* Directions for this task:
Repeat only the lines from the one containing "Cinema: The Girl" to the final line below, exactly as they read, and leave every picture out.

* Records for this exercise:
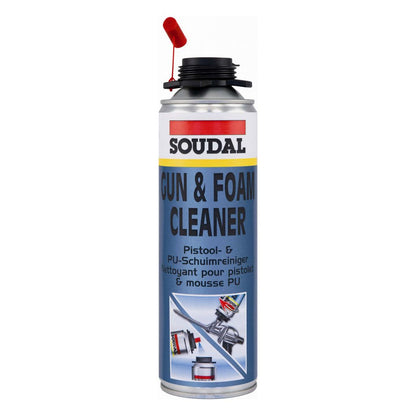 Soudal Gun & Foam Cleaner Colourless 500ml aerosol can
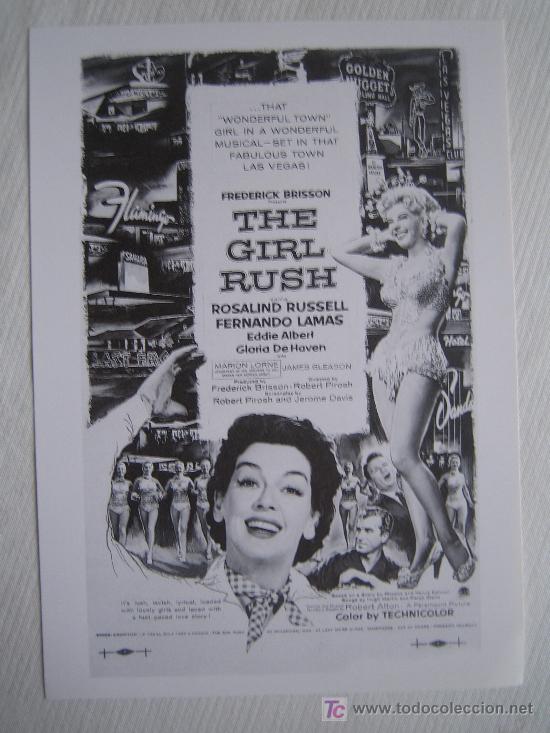 Cinema: The Girl Rush-  Folleto reproduccion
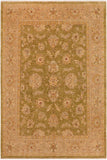 handmade Traditional Kafkaz Green Tan Hand Knotted RECTANGLE 100% WOOL area rug 8 x 10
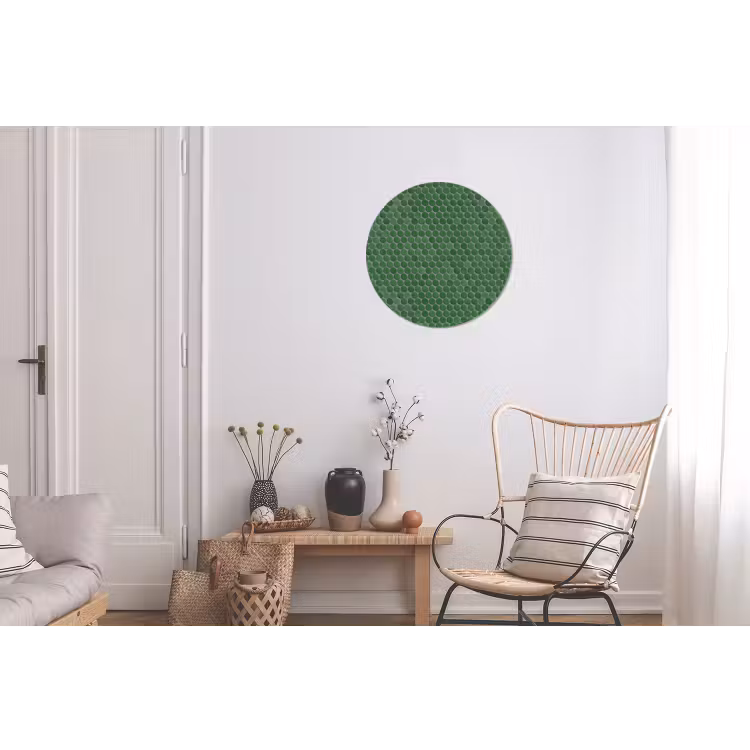 Penny - Mozaïek - Bosgroen - Green Wandcirkel aluminium klein 190 -woonkamer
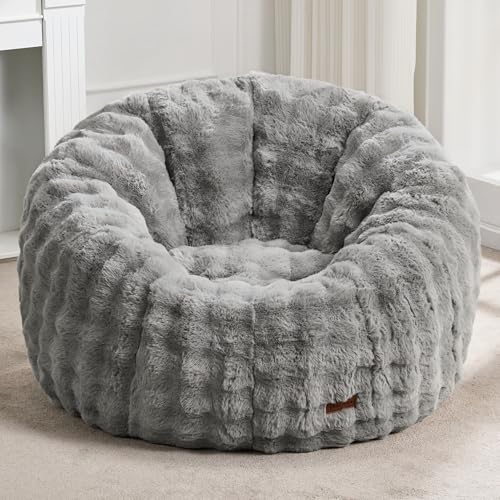Oversized Bean Bag Chair for Adults (Bubble Grey)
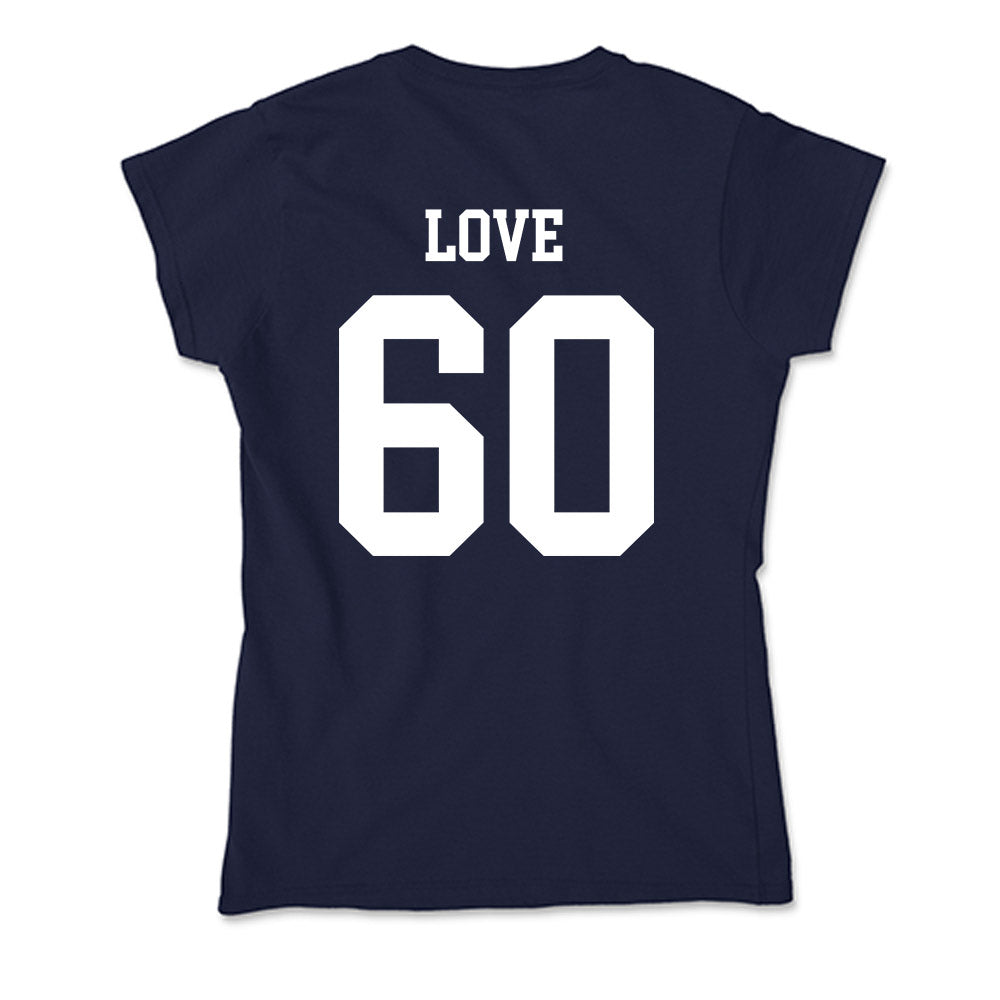 Jackson State - NCAA Football : Devin Love - Soft Style Women’s T-Shirt-1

* Output below:
 Cinema: The Girl Rush-  Folleto reproduccion
 handmade Traditional Kafkaz Green Tan Hand Knotted RECTANGLE 100% WOOL area rug 8 x 10
 Penny - Mozaïek - Bosgroen - Green Wandcirkel aluminium klein 190 -woonkamer
Oversized Bean Bag Chair for Adults (Bubble Grey)
 Jackson State - NCAA Football : Devin Love - Soft Style Women’s T-Shirt-1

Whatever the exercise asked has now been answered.